Electrical resistivity methods are aimed for imaging subsurface structures when electrical current is injected into the ground through grounded electrodes on the surface or borehole.
DC resistivity methods are widely used to map lateral changes and subvertical objects such as fractures and intrusions.
These methods are divided into 2 major groups:
- Resistivity methods: vertical electric sounding (VES), electrical profiling, electric tomography (ERT), charge method.
- Methods of natural (SP – self potential) and induced polarization (IP).
How it works
The equipment set consists of powerful transmitter and low-noise receiver. Current is injected into the ground through grounded electrodes. In order to obtain information on resistivity, voltage is measured without switching the current off. In order to study polarization, the current is switched off and then the measurement is performed. For self-potentials measurement only a receiver is required.
ERT (electrical resistivity tomography) – high-resolution DC resistivity data processed using tomography technique. It allows to study in detail the electrical properties of the medium, to construct two-dimensional and three-dimensional models of distribution of resistance and polarizability, and to reveal local inhomogeneities of the section.
Depth of investigation (DOI) depends on electrode spacing. The greater the spacing the greater depth are reachable.
On a resulting cross sections resistivities and thicknesses of layers are presented. Borehole data can be assigned to geoelectric units.

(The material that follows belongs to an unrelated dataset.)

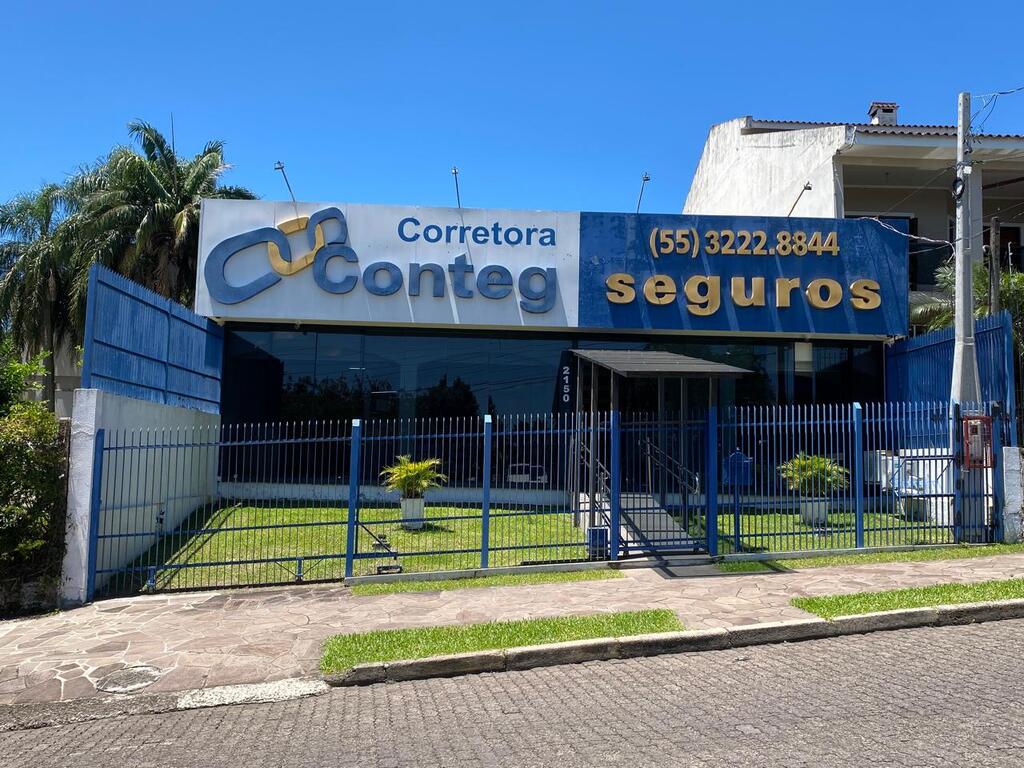 Conteg Seguros: tradição e confiança que atravessam gerações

Low interference is present im case of grounded fences, operating power plants or power lines.
Collected data of currents and voltages is then converted to apparent resistivities. There are many factors that affect measurements such as:
- fluid saturation;
- fracturing of soils;
- fluid type;
- rock type.
- geological mapping (bedrock, fracture zones);
- lithologic section verification;
- karst areas delineation;
- landslides detection;
- deposits search;
- estimation of the depth water table depth, direction of groundwater detection and its velocity;
- archaeologic objects search;
- delineation of landfills, waste site characterization.